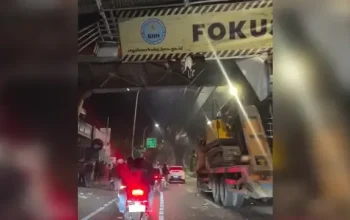 Truk Angkut Crane Nyangkut di JPO, Jakarta Selatan Mengalami Kemacetan Parah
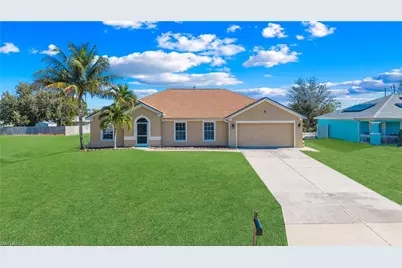 703 NW Juanita Ct, Cape Coral, FL 33993 - Photo 4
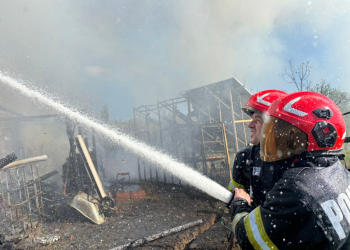 Instalații electrice cu probleme. S-au transformat în incendii. Unul la Oradea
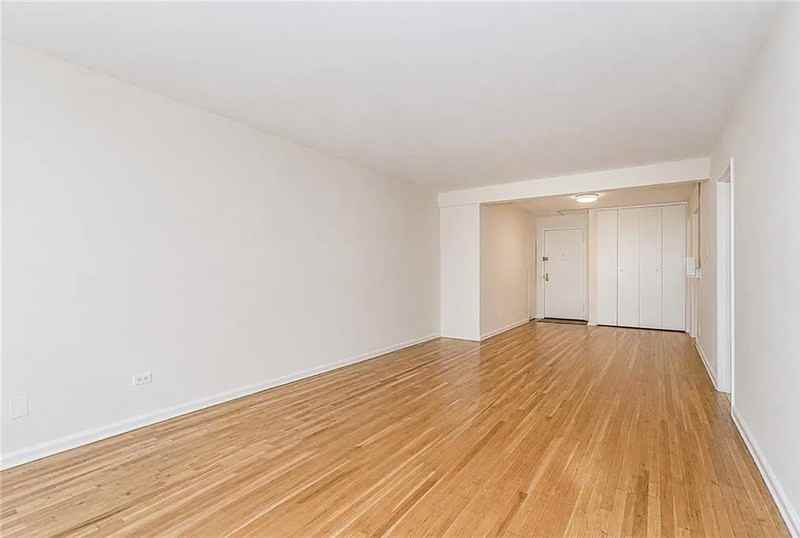 2277 Homecrest Ave #3D - Photo 7 of 15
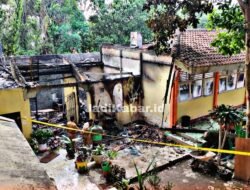 Perpustakaan SMPN 1 Tegalrejo Magelang Terbakar, Kerugian Ditaksir Capai Rp400 Juta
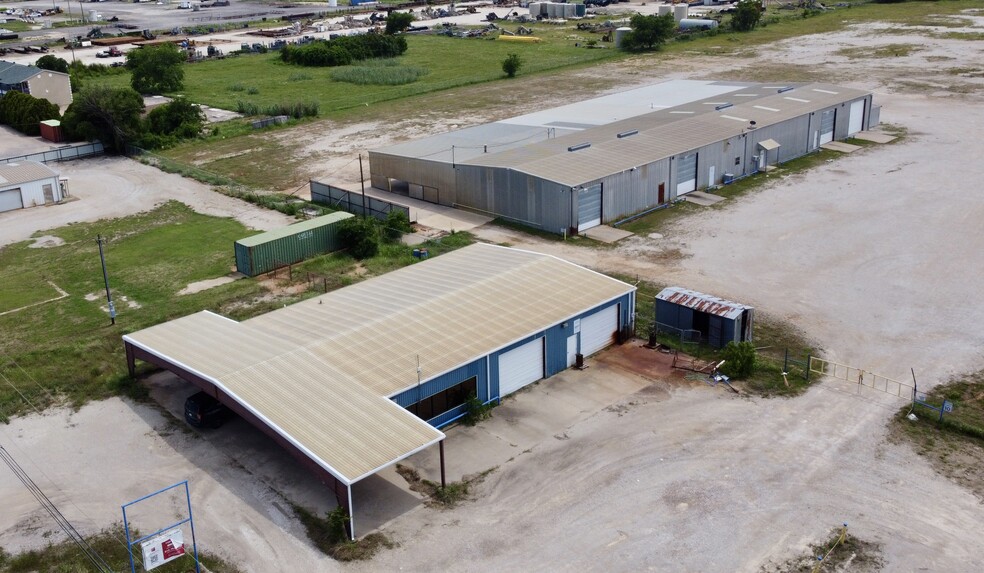 902 S Main St, Jacksboro, TX à vendre - Photo du bâtiment - Image 2 de 19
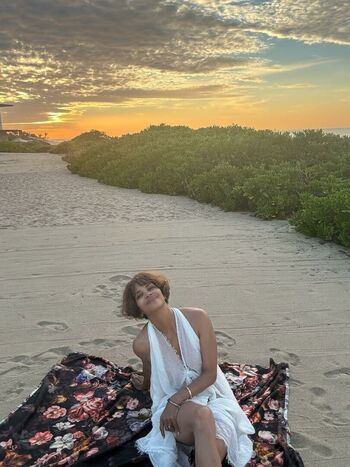 Halle berry leaked private photo uncensored HD quality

-------

» **Exercise instructions**:
With the pictures removed, copy the data above word for word.

» **Exercise result**:
 Truk Angkut Crane Nyangkut di JPO, Jakarta Selatan Mengalami Kemacetan Parah
 703 NW Juanita Ct, Cape Coral, FL 33993 - Photo 4
 Instalații electrice cu probleme. S-au transformat în incendii. Unul la Oradea
 2277 Homecrest Ave #3D - Photo 7 of 15
 Perpustakaan SMPN 1 Tegalrejo Magelang Terbakar, Kerugian Ditaksir Capai Rp400 Juta
 902 S Main St, Jacksboro, TX à vendre - Photo du bâtiment - Image 2 de 19
 Halle berry leaked private photo uncensored HD quality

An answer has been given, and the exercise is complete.